Mais ce qui est difficile, c’est de bien avoir recours aux experts. Il en faut pourtant, et de plus en plus, qu’il s’agisse de la SNCF, de la neutralité du Net, de la réforme des systèmes de soin ou de la cybercriminalité ! Les champs sont de plus en plus nombreux où l’on a besoin de ces spécialistes pointus, avec des batteries d’hypothèses et de calculs. C’est même la meilleure façon de ne pas tomber dans la défense des intérêts corporatifs. Il faut comparer les structures et les coûts, avec les avantages, dans d’autres régions, pays, systèmes. Bien sûr, il faudra toujours adapter les propositions et les solutions, tester, comparer.

Le cas le plus récent de discrédit des experts est le Brexit, où les travaux officiels ont été longtemps interdits, puis cachés, puis critiqués comme « orientés ». On en voit le résultat, au moins d’impréparation. Certes, mesurer les effets du Brexit ne va pas de soi, avec des résultats allant à une perte de 2 à 8% du PIB, et sans doute un sentier de croissance plus faible. Mais les Brexiters avancent en face quelques (brèves) études favorables, plus des théories conspirationnistes. Un débat technique sérieux n’a pas eu lieu : la peur, plus encore que l’idéologie, a joué. Et pourtant, au niveau des branches, il aurait pu avoir lieu, dans la pêche, l’agriculture, l’automobile…

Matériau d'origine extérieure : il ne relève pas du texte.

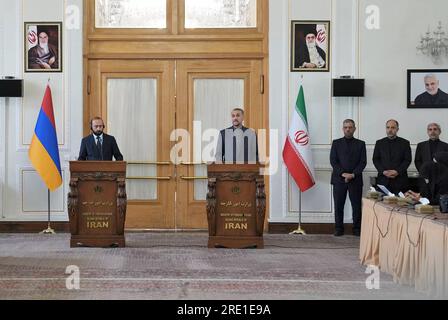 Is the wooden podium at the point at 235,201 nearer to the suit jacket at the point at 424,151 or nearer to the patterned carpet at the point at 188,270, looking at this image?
the patterned carpet at the point at 188,270

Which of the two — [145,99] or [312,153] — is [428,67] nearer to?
[312,153]

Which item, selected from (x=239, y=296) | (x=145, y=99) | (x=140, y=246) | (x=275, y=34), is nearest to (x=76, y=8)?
(x=145, y=99)

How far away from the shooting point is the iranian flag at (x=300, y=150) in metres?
10.6

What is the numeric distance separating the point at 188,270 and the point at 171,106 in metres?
4.06

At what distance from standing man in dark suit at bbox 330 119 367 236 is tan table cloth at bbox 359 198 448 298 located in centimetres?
225

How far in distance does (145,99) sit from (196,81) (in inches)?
29.4

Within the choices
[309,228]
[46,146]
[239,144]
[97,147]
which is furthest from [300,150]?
[46,146]

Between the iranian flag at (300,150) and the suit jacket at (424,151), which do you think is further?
the iranian flag at (300,150)

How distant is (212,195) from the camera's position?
8859 millimetres

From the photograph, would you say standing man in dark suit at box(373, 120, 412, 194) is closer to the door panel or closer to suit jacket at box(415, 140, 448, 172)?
suit jacket at box(415, 140, 448, 172)

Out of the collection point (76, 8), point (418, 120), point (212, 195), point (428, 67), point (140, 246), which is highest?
point (76, 8)

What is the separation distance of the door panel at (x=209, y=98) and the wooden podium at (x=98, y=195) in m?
2.25

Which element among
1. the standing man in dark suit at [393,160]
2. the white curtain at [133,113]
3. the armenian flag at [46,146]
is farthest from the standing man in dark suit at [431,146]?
the armenian flag at [46,146]

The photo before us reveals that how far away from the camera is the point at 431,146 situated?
1019 centimetres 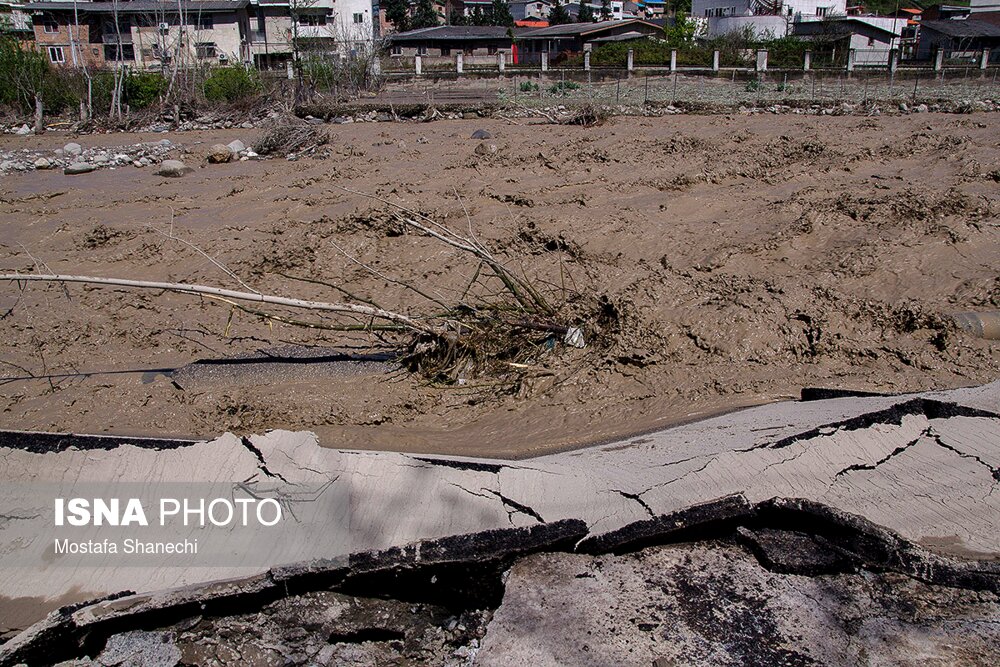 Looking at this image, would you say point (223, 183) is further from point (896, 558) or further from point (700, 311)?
point (896, 558)

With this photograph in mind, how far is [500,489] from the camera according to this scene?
346cm

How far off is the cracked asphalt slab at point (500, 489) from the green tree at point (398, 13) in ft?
204

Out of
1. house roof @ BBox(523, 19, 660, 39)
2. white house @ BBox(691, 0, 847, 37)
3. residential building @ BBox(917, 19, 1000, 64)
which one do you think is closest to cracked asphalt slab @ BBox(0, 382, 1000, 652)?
residential building @ BBox(917, 19, 1000, 64)

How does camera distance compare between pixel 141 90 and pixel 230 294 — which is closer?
A: pixel 230 294

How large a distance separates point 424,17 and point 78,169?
53.2 metres

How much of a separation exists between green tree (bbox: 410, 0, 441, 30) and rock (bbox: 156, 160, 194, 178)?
52559 millimetres

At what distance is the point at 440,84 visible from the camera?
26500 millimetres

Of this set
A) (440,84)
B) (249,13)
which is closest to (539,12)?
(249,13)

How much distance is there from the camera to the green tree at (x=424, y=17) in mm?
61969

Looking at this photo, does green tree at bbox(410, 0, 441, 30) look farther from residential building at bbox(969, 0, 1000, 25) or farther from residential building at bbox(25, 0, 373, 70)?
residential building at bbox(969, 0, 1000, 25)

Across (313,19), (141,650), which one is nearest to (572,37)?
(313,19)

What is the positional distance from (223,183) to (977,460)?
10.9 m

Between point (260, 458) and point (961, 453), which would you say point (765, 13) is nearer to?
point (961, 453)

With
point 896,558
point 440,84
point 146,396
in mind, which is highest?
point 440,84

Réformer, c’est réfléchir, innover et toujours chiffrer. Certes tout n’est pas quantifiable et il y aura toujours des erreurs, mais au moins la place de l’idéologie aura été réduite. Au moment où il s’agit de la SNCF, des systèmes de soin, des aides aux chômeurs, c’est maintenant qu’il faut chiffrer, calibrer et tester. Que veut donc dire « statut du cheminot » ? Pourquoi va-t-il des roulants, avec leurs astreintes, au personnel administratif et à la médecine du personnel ? C’est en chiffrant qu’on pose, au moins, quelques bonnes questions.

Dans l’entreprise aussi, changer c’est chiffrer, même si la culture du chiffre y est déjà plus importante. Mais au moment où il est tant question de disruption, de data, de nouvelles applications, il est de plus en plus nécessaire de montrer les enjeux, les logiques et les réactions. Surtout, ces travaux permettent plus aisément de comprendre et de changer. Jamais, en fait, les réformes n’ont été aussi nécessaires en un temps aussi bref. Surtout, jamais leur succès n’a autant dépendu de leur compréhension et de leur acceptation. Nous sommes tous entourés d’ordinateurs et téléphones portables, pour compter, changer, avancer et réussir. « Dépenser sans compter », c’est fou. Changer sans compter, c’est pire.